Look before you leap

- Brand driver alignment: Knowing brand strategy before anything you do is critical. Is the new area of business in agreement with the brand driver?

For example, if your brand is Virgin, which stands for anti-establishment, fun and good value, then the category in which you choose to exercise your brand equity is almost irrelevant.

However, if your brand is Blackberry, standing for seamless communication, launching Blackberry Airlines might be a bit of an overextension.

- Organisation capabilities: Does your organisation have capabilities to enter new areas of business? Are your employees packing skills that can be unlocked to realise greater value? Are your assets under-utilised, that can easily be put to use in a new category? 

- Customer congruency: Is the customer base of the the company is similar (from a socioeconomic, lifestyle or cultural perspective)?

Will the customer base understand the link between the original brand and the new brand extension?

Is your organisation alienating a sizeable loyal brand following by entering into a new arena?

Correct way to extend

- Capitalise on opportunity: By going after new target markets or entering new product categories, the overall share of the pie can be expanded. A bigger market share, greater revenue and visible brand clout are all good things as long as the new proposition is linked to the original brand driver. 

- Reposition your brand: Strategic extensions can help move a brand reposition itself towards a desired platform, either radically or progressively. For example, with Masafi now playing in the "gourmet packaged foods" category, the overall perception of the Masafi brand has invariably moved upwards. This was not a chance occurrence.

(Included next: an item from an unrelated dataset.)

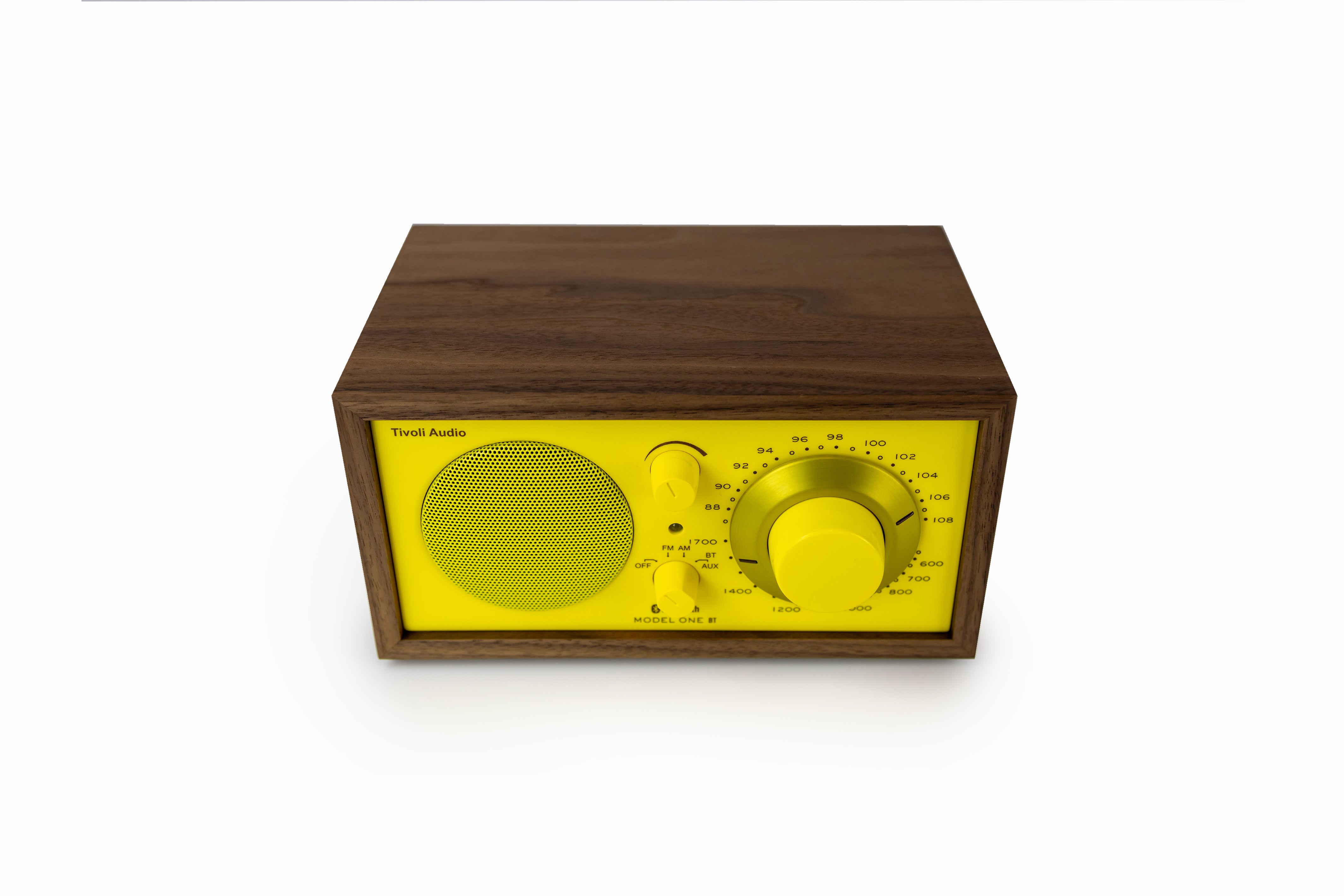 Tivoli Audio Model One BT – Klassikkoradion uusi aikakausi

- Innovate for the future: Brand extensions are an opportunity to move your brand into areas that may be the future bread and butter of your category. For example, if Kodak had extended into the digital photography arena in a timely manner, things would be different for the brand today.

- Protect your turf: Many of the world's large national air carriers have extended their brands into the no-frills category because they know that if they do not have a competitive offer in this category, the Air Arabias and the EasyJets of the aviation world will shred them to bits, especially in the short-haul segment.